- **EXERCISE DIRECTIONS**
Please print the entries below exactly, from the line with "Pepe Jeans Venus Jeans Denim 30 34" through the line with "REBAJADA DE LA TASACION! CASA ESQUINA IZARRA", including both of those lines and leaving out all others.

- **MATERIAL FOR THE TASK**
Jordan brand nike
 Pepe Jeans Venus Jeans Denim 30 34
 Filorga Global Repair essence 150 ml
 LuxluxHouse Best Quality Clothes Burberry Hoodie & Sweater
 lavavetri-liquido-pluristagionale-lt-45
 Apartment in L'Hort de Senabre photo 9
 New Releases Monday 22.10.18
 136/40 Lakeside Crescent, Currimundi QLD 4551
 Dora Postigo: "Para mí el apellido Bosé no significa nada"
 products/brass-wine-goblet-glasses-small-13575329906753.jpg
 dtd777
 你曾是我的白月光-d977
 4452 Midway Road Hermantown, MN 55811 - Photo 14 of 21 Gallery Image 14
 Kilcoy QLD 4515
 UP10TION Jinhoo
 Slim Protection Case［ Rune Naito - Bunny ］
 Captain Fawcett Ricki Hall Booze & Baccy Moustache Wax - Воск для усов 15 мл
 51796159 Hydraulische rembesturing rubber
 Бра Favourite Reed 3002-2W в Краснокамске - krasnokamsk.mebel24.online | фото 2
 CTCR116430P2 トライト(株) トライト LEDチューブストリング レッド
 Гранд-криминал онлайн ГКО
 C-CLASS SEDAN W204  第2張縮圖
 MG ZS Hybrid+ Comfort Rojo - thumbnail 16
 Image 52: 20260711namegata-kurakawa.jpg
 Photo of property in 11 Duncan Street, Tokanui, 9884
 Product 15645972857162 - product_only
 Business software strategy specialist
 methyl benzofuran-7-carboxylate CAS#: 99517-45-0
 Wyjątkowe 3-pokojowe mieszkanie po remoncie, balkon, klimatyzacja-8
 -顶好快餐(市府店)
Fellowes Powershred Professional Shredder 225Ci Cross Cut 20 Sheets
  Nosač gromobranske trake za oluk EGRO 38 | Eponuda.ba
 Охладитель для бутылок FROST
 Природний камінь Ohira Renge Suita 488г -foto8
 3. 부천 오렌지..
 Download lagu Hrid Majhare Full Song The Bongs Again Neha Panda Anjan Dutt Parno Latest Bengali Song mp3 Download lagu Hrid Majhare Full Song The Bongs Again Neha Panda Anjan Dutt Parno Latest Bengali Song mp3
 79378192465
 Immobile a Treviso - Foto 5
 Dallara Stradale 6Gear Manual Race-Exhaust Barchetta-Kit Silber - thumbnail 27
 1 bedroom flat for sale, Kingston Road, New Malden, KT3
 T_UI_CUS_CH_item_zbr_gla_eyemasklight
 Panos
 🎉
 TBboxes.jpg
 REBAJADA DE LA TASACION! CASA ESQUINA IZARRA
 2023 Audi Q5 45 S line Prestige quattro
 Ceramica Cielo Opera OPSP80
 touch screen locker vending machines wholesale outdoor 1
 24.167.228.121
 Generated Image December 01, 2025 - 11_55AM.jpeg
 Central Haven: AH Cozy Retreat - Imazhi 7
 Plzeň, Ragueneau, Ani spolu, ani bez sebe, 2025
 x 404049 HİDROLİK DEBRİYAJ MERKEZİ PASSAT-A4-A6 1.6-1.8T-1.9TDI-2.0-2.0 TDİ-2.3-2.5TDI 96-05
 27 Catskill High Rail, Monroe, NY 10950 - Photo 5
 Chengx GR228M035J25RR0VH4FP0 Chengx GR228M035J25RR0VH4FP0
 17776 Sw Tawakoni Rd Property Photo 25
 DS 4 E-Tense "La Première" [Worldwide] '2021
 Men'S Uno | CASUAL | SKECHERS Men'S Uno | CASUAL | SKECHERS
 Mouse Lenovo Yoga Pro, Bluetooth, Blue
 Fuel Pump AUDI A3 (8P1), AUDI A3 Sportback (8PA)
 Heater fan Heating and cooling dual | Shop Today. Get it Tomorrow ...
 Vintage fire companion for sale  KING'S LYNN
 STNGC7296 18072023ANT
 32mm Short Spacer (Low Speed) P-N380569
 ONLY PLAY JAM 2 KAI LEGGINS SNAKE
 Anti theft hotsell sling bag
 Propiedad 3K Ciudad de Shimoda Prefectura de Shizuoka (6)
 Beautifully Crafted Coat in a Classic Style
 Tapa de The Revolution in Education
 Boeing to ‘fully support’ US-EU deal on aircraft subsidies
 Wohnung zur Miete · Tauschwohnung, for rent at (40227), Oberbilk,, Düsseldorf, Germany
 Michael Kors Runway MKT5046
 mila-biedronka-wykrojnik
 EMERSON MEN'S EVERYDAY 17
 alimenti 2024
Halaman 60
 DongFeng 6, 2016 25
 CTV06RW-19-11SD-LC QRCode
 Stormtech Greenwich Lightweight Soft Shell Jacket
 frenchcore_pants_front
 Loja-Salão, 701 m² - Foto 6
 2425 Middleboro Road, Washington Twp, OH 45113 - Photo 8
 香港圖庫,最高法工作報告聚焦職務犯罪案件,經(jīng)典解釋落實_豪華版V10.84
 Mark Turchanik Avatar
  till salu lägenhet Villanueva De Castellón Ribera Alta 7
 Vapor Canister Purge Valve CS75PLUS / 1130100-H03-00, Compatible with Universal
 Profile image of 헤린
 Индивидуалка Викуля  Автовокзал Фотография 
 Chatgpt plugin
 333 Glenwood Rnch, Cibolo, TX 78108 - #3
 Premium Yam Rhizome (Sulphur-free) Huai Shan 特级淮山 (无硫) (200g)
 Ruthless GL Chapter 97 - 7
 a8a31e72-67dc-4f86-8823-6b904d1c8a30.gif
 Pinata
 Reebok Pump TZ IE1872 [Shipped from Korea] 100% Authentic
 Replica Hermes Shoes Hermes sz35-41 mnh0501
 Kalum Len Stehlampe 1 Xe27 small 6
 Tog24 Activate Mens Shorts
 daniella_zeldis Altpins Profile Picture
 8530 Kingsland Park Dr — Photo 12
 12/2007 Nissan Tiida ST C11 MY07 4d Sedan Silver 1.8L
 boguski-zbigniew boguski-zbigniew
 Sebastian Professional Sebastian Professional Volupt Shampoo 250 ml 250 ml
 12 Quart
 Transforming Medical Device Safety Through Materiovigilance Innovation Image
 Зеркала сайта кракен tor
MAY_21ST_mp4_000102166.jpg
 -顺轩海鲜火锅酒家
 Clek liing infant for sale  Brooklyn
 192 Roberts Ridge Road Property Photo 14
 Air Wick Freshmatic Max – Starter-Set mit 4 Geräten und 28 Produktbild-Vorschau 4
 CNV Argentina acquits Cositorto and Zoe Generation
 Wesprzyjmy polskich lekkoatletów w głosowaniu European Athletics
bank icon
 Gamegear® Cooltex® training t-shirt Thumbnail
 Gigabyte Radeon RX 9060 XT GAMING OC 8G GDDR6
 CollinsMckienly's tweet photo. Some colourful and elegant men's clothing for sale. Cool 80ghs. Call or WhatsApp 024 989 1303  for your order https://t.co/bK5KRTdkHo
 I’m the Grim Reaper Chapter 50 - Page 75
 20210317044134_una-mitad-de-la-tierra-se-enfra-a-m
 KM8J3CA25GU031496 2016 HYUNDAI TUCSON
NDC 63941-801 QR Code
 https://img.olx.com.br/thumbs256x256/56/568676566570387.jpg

- **EXERCISE ANSWER**
 Pepe Jeans Venus Jeans Denim 30 34
 Filorga Global Repair essence 150 ml
 LuxluxHouse Best Quality Clothes Burberry Hoodie & Sweater
 lavavetri-liquido-pluristagionale-lt-45
 Apartment in L'Hort de Senabre photo 9
 New Releases Monday 22.10.18
 136/40 Lakeside Crescent, Currimundi QLD 4551
 Dora Postigo: "Para mí el apellido Bosé no significa nada"
 products/brass-wine-goblet-glasses-small-13575329906753.jpg
 dtd777
 你曾是我的白月光-d977
 4452 Midway Road Hermantown, MN 55811 - Photo 14 of 21 Gallery Image 14
 Kilcoy QLD 4515
 UP10TION Jinhoo
 Slim Protection Case［ Rune Naito - Bunny ］
 Captain Fawcett Ricki Hall Booze & Baccy Moustache Wax - Воск для усов 15 мл
 51796159 Hydraulische rembesturing rubber
 Бра Favourite Reed 3002-2W в Краснокамске - krasnokamsk.mebel24.online | фото 2
 CTCR116430P2 トライト(株) トライト LEDチューブストリング レッド
 Гранд-криминал онлайн ГКО
 C-CLASS SEDAN W204  第2張縮圖
 MG ZS Hybrid+ Comfort Rojo - thumbnail 16
 Image 52: 20260711namegata-kurakawa.jpg
 Photo of property in 11 Duncan Street, Tokanui, 9884
 Product 15645972857162 - product_only
 Business software strategy specialist
 methyl benzofuran-7-carboxylate CAS#: 99517-45-0
 Wyjątkowe 3-pokojowe mieszkanie po remoncie, balkon, klimatyzacja-8
 -顶好快餐(市府店)
Fellowes Powershred Professional Shredder 225Ci Cross Cut 20 Sheets
  Nosač gromobranske trake za oluk EGRO 38 | Eponuda.ba
 Охладитель для бутылок FROST
 Природний камінь Ohira Renge Suita 488г -foto8
 3. 부천 오렌지..
 Download lagu Hrid Majhare Full Song The Bongs Again Neha Panda Anjan Dutt Parno Latest Bengali Song mp3 Download lagu Hrid Majhare Full Song The Bongs Again Neha Panda Anjan Dutt Parno Latest Bengali Song mp3
 79378192465
 Immobile a Treviso - Foto 5
 Dallara Stradale 6Gear Manual Race-Exhaust Barchetta-Kit Silber - thumbnail 27
 1 bedroom flat for sale, Kingston Road, New Malden, KT3
 T_UI_CUS_CH_item_zbr_gla_eyemasklight
 Panos
 🎉
 TBboxes.jpg
 REBAJADA DE LA TASACION! CASA ESQUINA IZARRA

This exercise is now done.